Defendant answered the complaint on June 17, 2015. Dkt. No. 36. Plaintiffs stipulated to dismiss BOA from the action and filed a notice of class action settlement on September 17, 2015. See Dkt. No. 52. Plaintiffs filed their unopposed motion for preliminary approval of class action settlement on November 2, 2015. The Court held a hearing on December 17, 2015. Dkt. No. 60.
The parties executed a class action settlement agreement that details the provisions of the proposed settlement. Dkt. No. 56-1 ("SA"). The key terms are as follows.
The Court first considers whether provisional class certification is appropriate because it is a prerequisite to preliminary approval of a class action settlement.

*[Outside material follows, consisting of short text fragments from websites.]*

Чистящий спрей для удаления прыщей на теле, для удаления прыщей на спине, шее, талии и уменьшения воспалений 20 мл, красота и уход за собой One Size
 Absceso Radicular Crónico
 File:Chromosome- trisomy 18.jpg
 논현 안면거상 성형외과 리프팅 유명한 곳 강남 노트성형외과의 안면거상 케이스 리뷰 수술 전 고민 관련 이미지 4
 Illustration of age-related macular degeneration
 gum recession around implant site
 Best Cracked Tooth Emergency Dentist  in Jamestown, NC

Federal Rule of Civil Procedure 23 governs class actions, including the issue of class certification. In that respect, "Rule 23 does not set forth a mere pleading standard." Wal-Mart Stores, Inc. v. Dukes, 564 U.S. 338, 350 (2011). A plaintiff bears the burden of showing that she has met each of the four requirements of Rule 23(a) and at least one subsection of Rule 23(b). Zinser v. Accufix Research Inst., Inc., 253 F.3d 1180, 1186, amended by 273 F.3d 1266 (9th Cir. 2001); see also Dukes, 564 U.S. at 350 ("A party seeking class certification must affirmatively demonstrate [her] compliance with the Rule[.]"). If a district court concludes that the moving party has met its burden of proof under Rule 23, then the court has broad discretion to certify the class. Zinser, 253 F.3d at 1186.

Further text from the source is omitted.